BABY BOOMER BABBLE
Laughing our way through the 60’s and 70’s
I liked the sixties and seventies. I liked everything about it. The energy, the defiance, the music, and the comedians. It was a lively time, a time that you felt worthy of your youth. We didn’t spend a lot of time playing computer games or texting our friends all day. We went to their house and engaged them I a game of outdoor basketball or baseball, depending on the season. It was a time that was much more action-oriented than today. And it was a great time for comedians. They played into the hour and stepped into the limelight.
Television was making its presence felt. Black and white TV had turned to color, with bigger screens. In the midst of all the rebellion and chaos, along came a new group of comedians, the likes of which the world had never seen. The TV censors got a workout.

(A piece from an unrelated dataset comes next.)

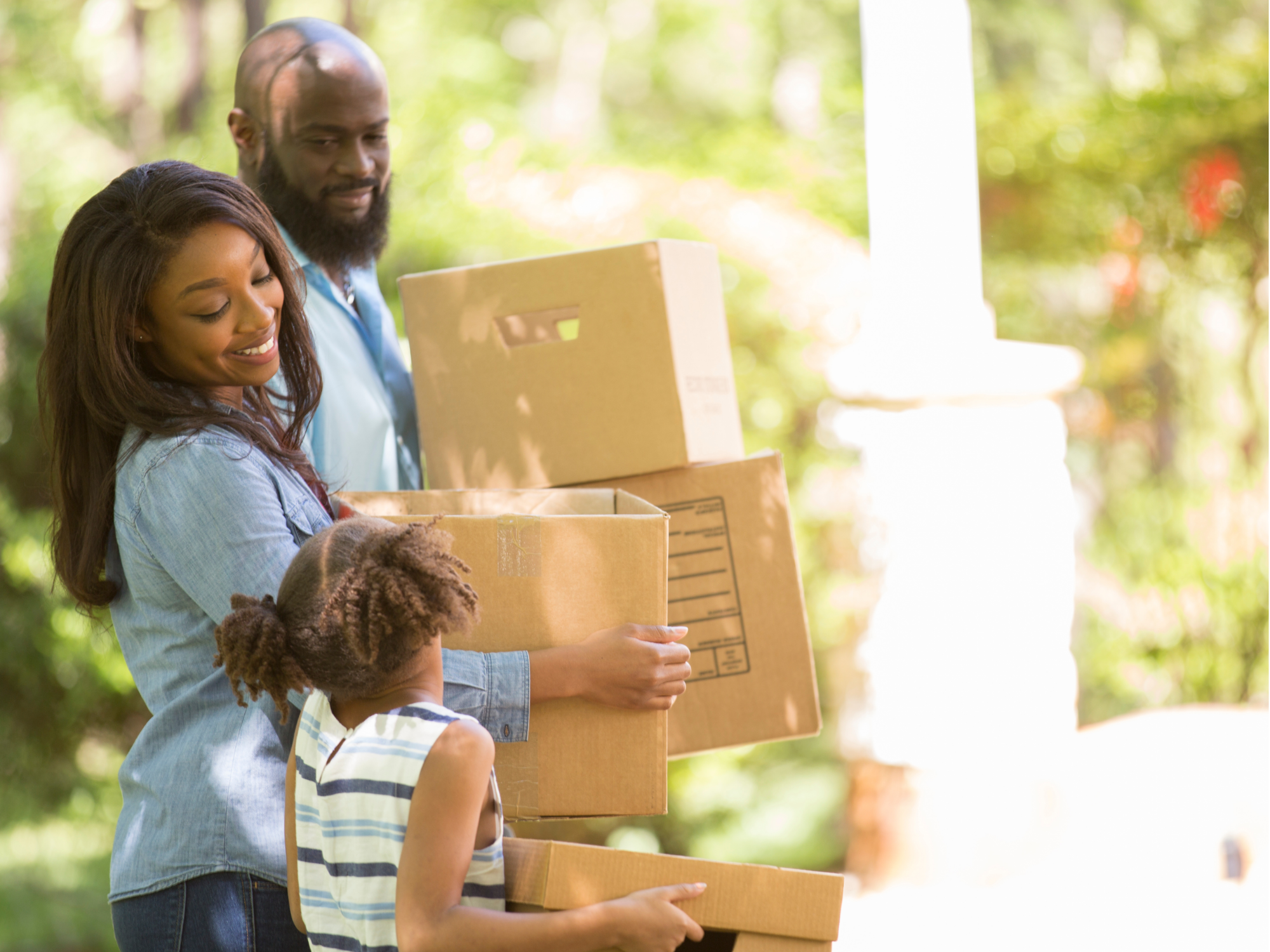 Family smiling with moving boxes.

Here is just a very small sampling of some of the names: George Carlin, Richard Pryor, Lily Tomlin, Andy Kaufman, Tom and Dick Smothers, Flip Wilson, Steve Martin, Bill Cosby Carol Burnett, Lenny Bruce, Steve Martin, and Bob Newhart. There were many others. These are some that I remember and liked. You probably have your own list. Send me some of your favorites, I’ll get them in a future Babble.
Let’s start off with Rowan and Martin. On TV, that translated into Laugh-In. It was a rapid fire vignette comedy, filled with sexual innuendo and political satire. The cast included San Rowan, Dick Martin, Gary Owens, Ruth Buzzi, Henry Gibson, Arte Johnson, Judy Carne, Flip Wilson, Goldie Hawn, and Lily Tomlin. Hawn and Tomlin went on to have distinguished careers as actor. Some of the bands that were invited to play included The Strawberry Alarm Clock, The Bee Gees, and the infamous Tiny Tim. He tip-toed through many a tulip. Years later I saw him in Burlington, Iowa. Interesting! I’ll never forget Flip Wilsons character, Geraldine, and her famous line, “What you see is what you get.” That was true of the whole program. It was a masterpiece.
George Carlin’s popularity started to increase in the early 60’s. He appeared on The Ed Sullivan Show and The Tonight Show. Carlin became one of Johnny Carson’s most frequent guests. One of his most famous routines was “The hippie-dippy weather man.” Carlin pushed obscene issues to the limit. A Carlin classic was “Seven Words You Can Never Say On TV.” Take a shot at guessing them. I won’t print any. He was arrested for the “Seven Words Routine” at Summerfest, in Milwaukee, in July, 1972. The case was later dismissed. Carlin also became an author in later in his life, publishing “Brain Droppings,” “Napalm and Silly Putty,” and “When Will Jesus Bring The Pork Chops.” Carlin died June 22, 2008, at the age of 71. He was on of the true sixties comedians.
He coined one of the sixties key philosophical understandings, “No one knows what comes next, but everyone does it.”